THE RECORDS:
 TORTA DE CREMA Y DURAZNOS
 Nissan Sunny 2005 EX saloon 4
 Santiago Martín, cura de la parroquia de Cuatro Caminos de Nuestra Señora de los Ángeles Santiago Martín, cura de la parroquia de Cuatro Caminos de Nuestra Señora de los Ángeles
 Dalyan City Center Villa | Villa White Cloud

...

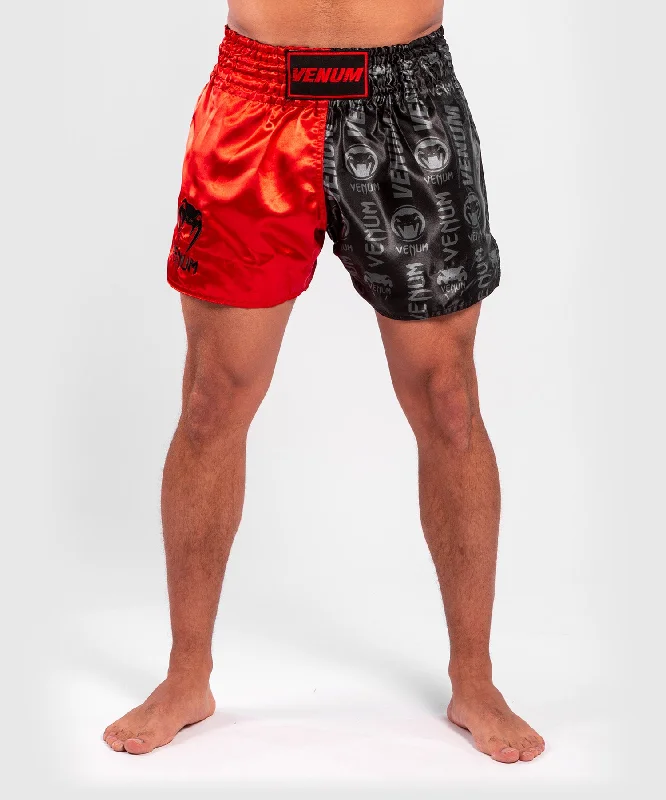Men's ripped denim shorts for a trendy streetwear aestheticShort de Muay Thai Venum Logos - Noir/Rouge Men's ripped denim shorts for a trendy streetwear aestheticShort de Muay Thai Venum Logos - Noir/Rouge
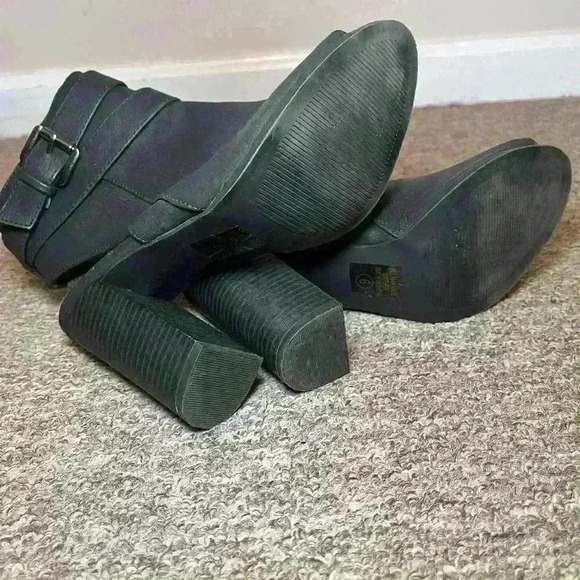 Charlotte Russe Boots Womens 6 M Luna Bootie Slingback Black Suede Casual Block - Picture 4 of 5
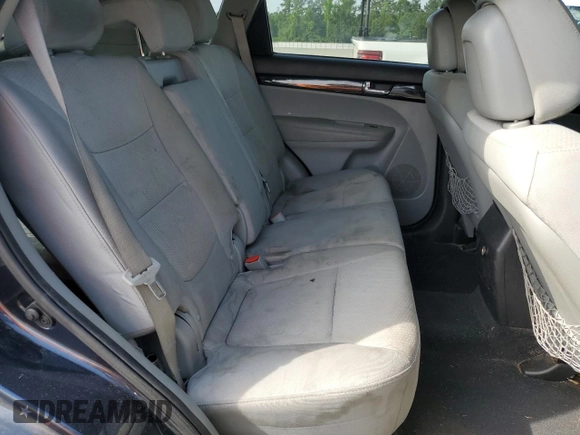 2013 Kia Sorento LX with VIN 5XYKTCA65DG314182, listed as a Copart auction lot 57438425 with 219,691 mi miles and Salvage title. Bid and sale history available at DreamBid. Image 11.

EXERCISE: From the material above, set down exactly the lines between the line holding "TORTA DE CREMA Y DURAZNOS" and the line holding "Dalyan City Center Villa | Villa White Cloud", inclusive. Include nothing else.

SOLUTION TO THIS TASK:
 TORTA DE CREMA Y DURAZNOS
 Nissan Sunny 2005 EX saloon 4
 Santiago Martín, cura de la parroquia de Cuatro Caminos de Nuestra Señora de los Ángeles Santiago Martín, cura de la parroquia de Cuatro Caminos de Nuestra Señora de los Ángeles
 Dalyan City Center Villa | Villa White Cloud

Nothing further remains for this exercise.